You should be aware of the possible risk you might encounter by participating in fitness and recreation activities and/or participating in a fitness evaluation. The programs will be centered around activities that include running/jogging/walking, stretching, muscle strengthening and exercise using fitness equipment. (Well, gosh, I certainly hope so. I don't really want to pay $40 a month to go somewhere and watch TV, I can do that at home for free. And there is food at home.)
The most acute risk would be death caused from cardiac failure during exercise. Other medical problems that could result from your participation, but are not limited to: sore muscles, cramping, torn or pulled muscles, sprains, fractures, cartilage or ligament damage to major joint, nausea during exercise, rapid loss of weight and possible loss of appetite.
You may also incur some environmental risk if exercising outside, such as dog bites and traffic /pedestrian accidents. If you participate in water exercise, death from drowning would also be a risk.

Sounds dangerous. I think I will stay home today.

14 July, 2007

Know Thyself Before Entering Public

Rule of life #264 Know Thyself Before Entering Public
Example: If it is your tendency to sing while listening to your iPod do not, I repeat DO NOT listen in a public place.

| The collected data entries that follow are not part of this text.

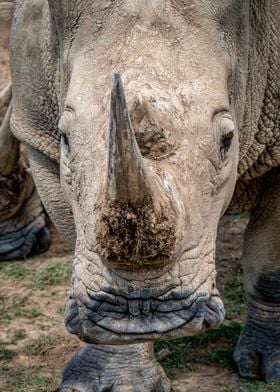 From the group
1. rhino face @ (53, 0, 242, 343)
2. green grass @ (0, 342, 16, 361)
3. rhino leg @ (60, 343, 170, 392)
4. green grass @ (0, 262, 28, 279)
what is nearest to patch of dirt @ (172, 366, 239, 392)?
rhino leg @ (60, 343, 170, 392)

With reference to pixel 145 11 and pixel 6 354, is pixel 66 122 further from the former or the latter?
pixel 6 354

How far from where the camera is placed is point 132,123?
3.12 m

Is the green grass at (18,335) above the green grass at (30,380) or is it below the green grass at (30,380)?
above

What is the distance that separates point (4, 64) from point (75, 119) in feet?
10.8

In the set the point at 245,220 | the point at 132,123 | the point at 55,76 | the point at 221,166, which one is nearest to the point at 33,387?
the point at 55,76

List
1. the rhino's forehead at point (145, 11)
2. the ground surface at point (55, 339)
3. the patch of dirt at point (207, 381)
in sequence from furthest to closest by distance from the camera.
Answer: the ground surface at point (55, 339) < the patch of dirt at point (207, 381) < the rhino's forehead at point (145, 11)

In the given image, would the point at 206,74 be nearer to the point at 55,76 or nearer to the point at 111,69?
the point at 111,69

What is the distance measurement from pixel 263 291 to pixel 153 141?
2269mm

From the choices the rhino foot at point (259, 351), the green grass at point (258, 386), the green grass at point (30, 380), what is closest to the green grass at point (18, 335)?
the green grass at point (30, 380)

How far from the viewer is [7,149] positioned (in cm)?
643

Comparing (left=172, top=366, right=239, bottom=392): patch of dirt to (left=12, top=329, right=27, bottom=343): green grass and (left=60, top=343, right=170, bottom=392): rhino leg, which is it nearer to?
(left=60, top=343, right=170, bottom=392): rhino leg

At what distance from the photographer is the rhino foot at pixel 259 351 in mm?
5090

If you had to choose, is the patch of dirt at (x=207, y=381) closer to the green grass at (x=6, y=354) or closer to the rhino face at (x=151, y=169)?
the green grass at (x=6, y=354)

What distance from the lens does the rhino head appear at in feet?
10.1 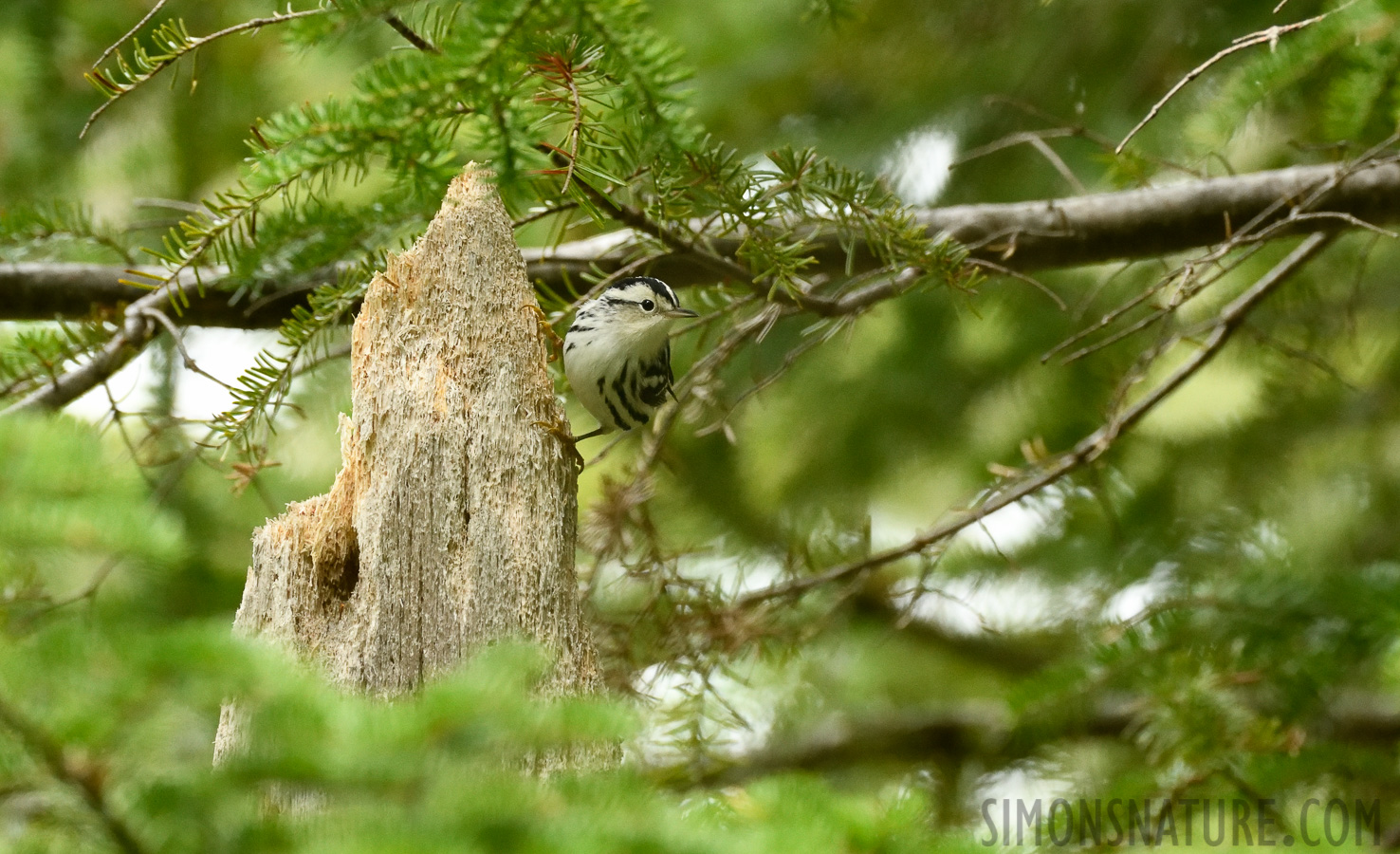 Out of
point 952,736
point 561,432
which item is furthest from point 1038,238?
point 952,736

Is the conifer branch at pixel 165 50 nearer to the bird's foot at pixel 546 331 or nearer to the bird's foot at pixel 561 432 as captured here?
the bird's foot at pixel 546 331

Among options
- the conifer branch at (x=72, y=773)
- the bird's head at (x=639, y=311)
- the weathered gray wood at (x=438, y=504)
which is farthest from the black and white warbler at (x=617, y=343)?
the conifer branch at (x=72, y=773)

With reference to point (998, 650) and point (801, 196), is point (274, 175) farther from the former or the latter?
point (998, 650)

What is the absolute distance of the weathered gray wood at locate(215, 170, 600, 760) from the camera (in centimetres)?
191

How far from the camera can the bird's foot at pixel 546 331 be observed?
7.61ft

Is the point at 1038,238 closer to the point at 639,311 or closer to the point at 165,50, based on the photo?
the point at 639,311

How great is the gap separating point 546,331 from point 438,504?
2.69 ft

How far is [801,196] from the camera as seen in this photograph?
2.39m

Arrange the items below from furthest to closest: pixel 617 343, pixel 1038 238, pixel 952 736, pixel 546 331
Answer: pixel 952 736
pixel 617 343
pixel 1038 238
pixel 546 331

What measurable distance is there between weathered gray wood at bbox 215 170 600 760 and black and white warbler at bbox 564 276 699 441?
93cm

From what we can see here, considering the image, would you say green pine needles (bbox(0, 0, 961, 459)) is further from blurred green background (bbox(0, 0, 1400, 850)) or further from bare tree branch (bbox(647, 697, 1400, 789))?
bare tree branch (bbox(647, 697, 1400, 789))

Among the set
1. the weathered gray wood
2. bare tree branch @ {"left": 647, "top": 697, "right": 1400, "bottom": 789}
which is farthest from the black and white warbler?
bare tree branch @ {"left": 647, "top": 697, "right": 1400, "bottom": 789}

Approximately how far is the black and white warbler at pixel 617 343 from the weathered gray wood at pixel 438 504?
3.04ft

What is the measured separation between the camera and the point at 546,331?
2738mm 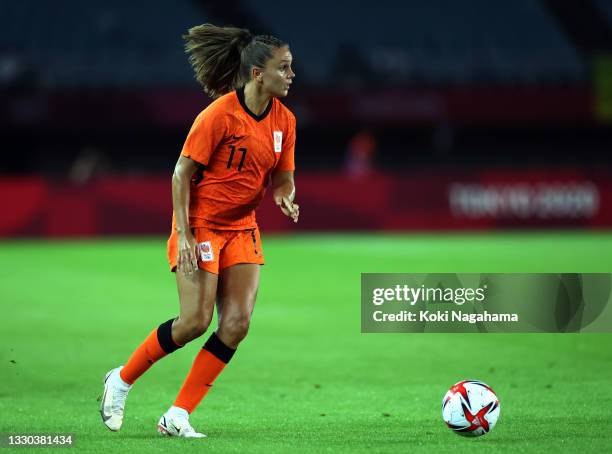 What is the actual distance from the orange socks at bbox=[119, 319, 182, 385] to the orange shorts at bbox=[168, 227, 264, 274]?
356 mm

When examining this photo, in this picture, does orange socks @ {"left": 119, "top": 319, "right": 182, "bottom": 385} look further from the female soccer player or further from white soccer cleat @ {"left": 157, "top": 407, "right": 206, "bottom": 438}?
white soccer cleat @ {"left": 157, "top": 407, "right": 206, "bottom": 438}

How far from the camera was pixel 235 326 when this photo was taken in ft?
19.8

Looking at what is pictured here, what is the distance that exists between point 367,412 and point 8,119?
73.5ft

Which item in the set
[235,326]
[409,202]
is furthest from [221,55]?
[409,202]

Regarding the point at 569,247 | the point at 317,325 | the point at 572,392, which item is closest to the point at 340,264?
the point at 569,247

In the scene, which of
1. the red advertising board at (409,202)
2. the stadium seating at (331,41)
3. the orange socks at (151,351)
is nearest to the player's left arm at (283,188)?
the orange socks at (151,351)

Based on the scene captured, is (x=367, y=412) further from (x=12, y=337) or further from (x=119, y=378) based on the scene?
(x=12, y=337)

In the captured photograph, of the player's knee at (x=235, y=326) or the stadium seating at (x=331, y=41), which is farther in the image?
the stadium seating at (x=331, y=41)

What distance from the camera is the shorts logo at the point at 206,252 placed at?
19.7ft

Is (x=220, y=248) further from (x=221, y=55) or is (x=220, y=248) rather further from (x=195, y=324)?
(x=221, y=55)

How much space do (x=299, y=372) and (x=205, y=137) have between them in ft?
9.88

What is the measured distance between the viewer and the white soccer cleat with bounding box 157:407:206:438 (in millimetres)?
5879

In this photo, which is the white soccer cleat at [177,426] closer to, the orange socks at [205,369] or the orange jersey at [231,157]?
the orange socks at [205,369]

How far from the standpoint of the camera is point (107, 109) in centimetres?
2805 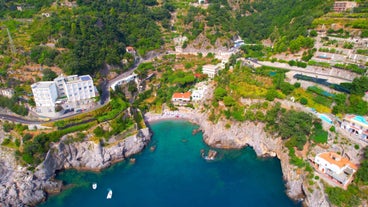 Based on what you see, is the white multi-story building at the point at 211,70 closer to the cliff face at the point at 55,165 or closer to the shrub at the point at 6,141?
the cliff face at the point at 55,165

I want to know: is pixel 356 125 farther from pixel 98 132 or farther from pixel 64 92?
pixel 64 92

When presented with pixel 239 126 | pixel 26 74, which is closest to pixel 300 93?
pixel 239 126

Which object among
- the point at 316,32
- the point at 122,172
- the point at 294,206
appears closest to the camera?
the point at 294,206

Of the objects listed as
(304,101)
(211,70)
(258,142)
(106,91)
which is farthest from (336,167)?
(106,91)

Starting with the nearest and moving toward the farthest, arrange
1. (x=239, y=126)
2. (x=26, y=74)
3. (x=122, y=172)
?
(x=122, y=172) → (x=239, y=126) → (x=26, y=74)

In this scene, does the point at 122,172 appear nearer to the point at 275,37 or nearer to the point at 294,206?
the point at 294,206

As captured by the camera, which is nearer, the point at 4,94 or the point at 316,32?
the point at 4,94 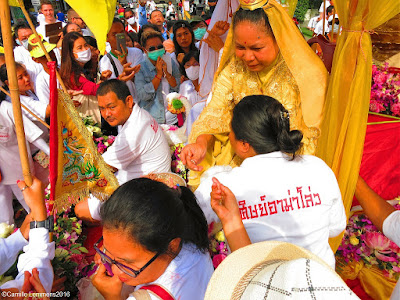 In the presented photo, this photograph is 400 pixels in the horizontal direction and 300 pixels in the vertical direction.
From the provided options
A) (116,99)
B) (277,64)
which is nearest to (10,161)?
(116,99)

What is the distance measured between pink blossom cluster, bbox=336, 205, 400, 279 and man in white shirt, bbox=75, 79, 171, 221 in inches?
73.9

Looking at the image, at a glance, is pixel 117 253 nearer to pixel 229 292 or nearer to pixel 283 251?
pixel 229 292

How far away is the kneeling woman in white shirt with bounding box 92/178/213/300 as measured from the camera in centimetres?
126

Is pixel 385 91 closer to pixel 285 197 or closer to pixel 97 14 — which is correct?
pixel 285 197

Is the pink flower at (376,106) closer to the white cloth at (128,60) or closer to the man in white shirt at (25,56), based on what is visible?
the white cloth at (128,60)

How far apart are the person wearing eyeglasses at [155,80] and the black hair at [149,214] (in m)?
→ 3.45

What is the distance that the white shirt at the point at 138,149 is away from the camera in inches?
116

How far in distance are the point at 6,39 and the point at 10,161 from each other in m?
2.17

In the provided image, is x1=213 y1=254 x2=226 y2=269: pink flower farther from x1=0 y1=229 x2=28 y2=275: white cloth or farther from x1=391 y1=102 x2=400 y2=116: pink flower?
x1=391 y1=102 x2=400 y2=116: pink flower

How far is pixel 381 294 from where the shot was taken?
8.13ft

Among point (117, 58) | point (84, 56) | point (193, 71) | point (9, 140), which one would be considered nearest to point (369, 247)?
point (193, 71)

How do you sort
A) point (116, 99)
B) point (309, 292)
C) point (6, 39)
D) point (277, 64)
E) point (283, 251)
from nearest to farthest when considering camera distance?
point (309, 292) < point (283, 251) < point (6, 39) < point (277, 64) < point (116, 99)

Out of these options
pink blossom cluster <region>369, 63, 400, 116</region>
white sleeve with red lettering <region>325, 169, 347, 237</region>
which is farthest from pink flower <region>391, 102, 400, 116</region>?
white sleeve with red lettering <region>325, 169, 347, 237</region>

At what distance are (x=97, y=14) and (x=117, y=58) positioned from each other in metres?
3.02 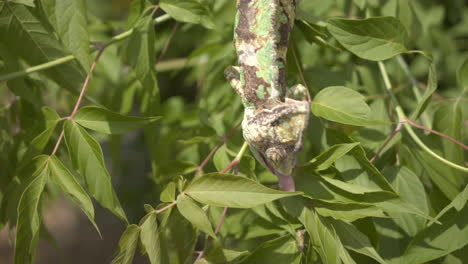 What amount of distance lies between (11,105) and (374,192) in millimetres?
1247

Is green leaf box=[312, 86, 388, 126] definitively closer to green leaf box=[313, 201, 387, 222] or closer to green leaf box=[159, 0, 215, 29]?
green leaf box=[313, 201, 387, 222]

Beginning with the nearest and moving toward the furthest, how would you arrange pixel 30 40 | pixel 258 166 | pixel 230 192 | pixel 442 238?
pixel 230 192 < pixel 442 238 < pixel 30 40 < pixel 258 166

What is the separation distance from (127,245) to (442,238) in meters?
0.76

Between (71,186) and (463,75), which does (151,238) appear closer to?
(71,186)

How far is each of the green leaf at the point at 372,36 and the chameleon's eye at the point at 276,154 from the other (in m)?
0.33

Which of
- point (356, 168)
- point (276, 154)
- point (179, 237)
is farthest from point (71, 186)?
point (356, 168)

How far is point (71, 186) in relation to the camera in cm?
104

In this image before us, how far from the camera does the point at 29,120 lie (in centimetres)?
139

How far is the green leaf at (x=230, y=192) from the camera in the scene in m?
0.91

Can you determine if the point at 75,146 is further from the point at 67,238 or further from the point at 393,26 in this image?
the point at 67,238

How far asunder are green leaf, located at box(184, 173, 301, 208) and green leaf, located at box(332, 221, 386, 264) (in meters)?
0.21

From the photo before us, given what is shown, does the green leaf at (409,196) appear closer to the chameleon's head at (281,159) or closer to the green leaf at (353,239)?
the green leaf at (353,239)

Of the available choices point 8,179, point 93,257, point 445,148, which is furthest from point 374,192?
point 93,257

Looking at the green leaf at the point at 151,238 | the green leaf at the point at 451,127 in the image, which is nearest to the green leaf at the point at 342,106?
the green leaf at the point at 451,127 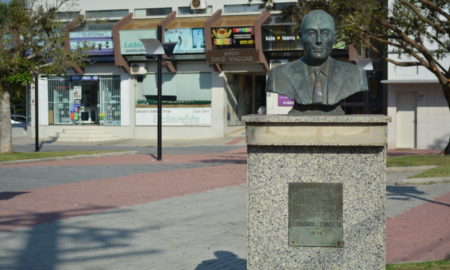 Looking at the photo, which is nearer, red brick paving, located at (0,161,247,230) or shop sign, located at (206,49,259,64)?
red brick paving, located at (0,161,247,230)

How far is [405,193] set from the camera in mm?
14383

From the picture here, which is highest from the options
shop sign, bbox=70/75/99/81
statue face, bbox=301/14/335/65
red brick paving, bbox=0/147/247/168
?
shop sign, bbox=70/75/99/81

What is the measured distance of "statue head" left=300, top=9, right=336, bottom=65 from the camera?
5.95 metres

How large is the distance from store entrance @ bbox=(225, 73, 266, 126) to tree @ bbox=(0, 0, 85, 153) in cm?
1280

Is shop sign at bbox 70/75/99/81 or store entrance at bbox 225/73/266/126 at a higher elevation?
shop sign at bbox 70/75/99/81

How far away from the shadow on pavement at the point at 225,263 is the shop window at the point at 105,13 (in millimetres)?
32259

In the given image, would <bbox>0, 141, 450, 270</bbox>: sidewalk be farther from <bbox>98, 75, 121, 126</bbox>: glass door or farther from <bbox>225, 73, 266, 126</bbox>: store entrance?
<bbox>98, 75, 121, 126</bbox>: glass door

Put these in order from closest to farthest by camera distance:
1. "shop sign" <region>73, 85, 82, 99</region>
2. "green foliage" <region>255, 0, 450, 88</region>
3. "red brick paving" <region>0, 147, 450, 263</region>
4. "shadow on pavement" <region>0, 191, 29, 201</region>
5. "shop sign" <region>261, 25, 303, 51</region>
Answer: "red brick paving" <region>0, 147, 450, 263</region> < "shadow on pavement" <region>0, 191, 29, 201</region> < "green foliage" <region>255, 0, 450, 88</region> < "shop sign" <region>261, 25, 303, 51</region> < "shop sign" <region>73, 85, 82, 99</region>

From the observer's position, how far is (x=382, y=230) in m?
5.41

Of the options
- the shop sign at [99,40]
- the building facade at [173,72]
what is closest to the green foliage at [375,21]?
the building facade at [173,72]

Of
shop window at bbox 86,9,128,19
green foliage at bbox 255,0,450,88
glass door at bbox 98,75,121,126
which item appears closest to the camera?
green foliage at bbox 255,0,450,88

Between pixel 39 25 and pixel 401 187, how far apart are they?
51.9 ft

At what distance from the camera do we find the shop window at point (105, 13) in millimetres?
38938

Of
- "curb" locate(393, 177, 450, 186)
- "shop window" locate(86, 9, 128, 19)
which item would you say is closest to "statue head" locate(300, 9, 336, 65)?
"curb" locate(393, 177, 450, 186) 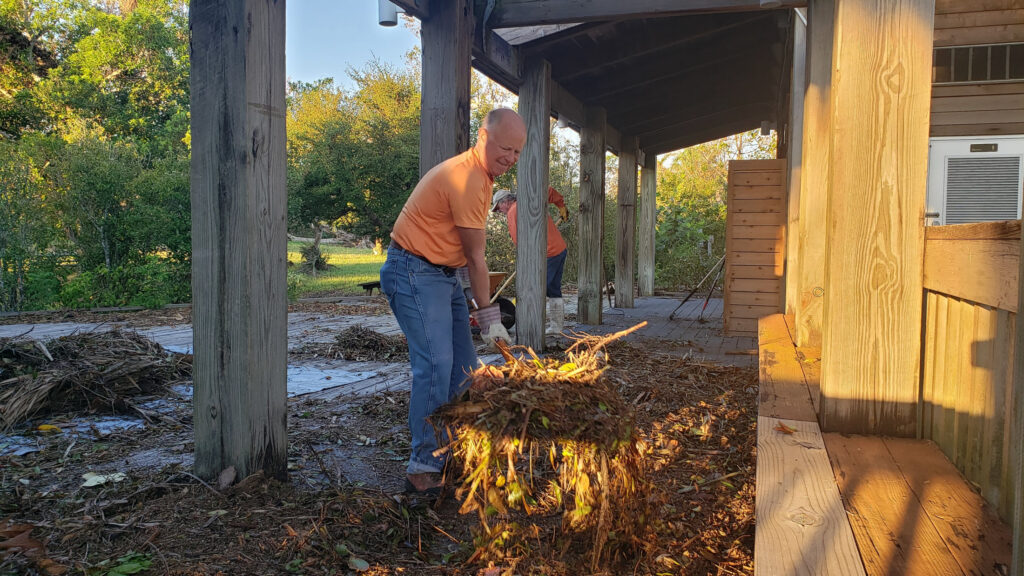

Official embarrassing moment #2 ( OK, so I am sure I have had many many embarrassing moments, I am just choosing to forget about those.) I broke rule #264 in a bad way! I finally paid my library fines and decided to check out the good old Wichita Public Library for some literary fulfillment. I also decided to listen to my iPod and just tool around being happy. I got caught singing. Not humming. Singing. Pretty loudly. Oopsie. Sorry Mrs. Librarian, I forgot to use my inside voice. It's not the decibel disturbance that I created that bothers me. It's the lyrics. Of course I couldn't be listening to something classy like Ein Heldenleben or checking out my excerpt playlist for various auditions. Nope. I went balls out on Bob and Tom. Thats right. The conservative Wichita public along with a bus load of children from summer experience heard me belting BOTH "Enormous Penis" AND "Camel Toe". Why couldn't I have been listening to some indecipherable rap. At least then it wouldn't have been quite as obvious. But NO, I was listening to a barber shop quartet sing a memorable melody about a great big amount in the place where it counts and it feels like a bright sun shiny day and beavage. I am now officially totally and completely mortified and I think I will have to hire an assistant to return my books. If you are interested in applying please email your resume and three letters of recommendation. Thanks!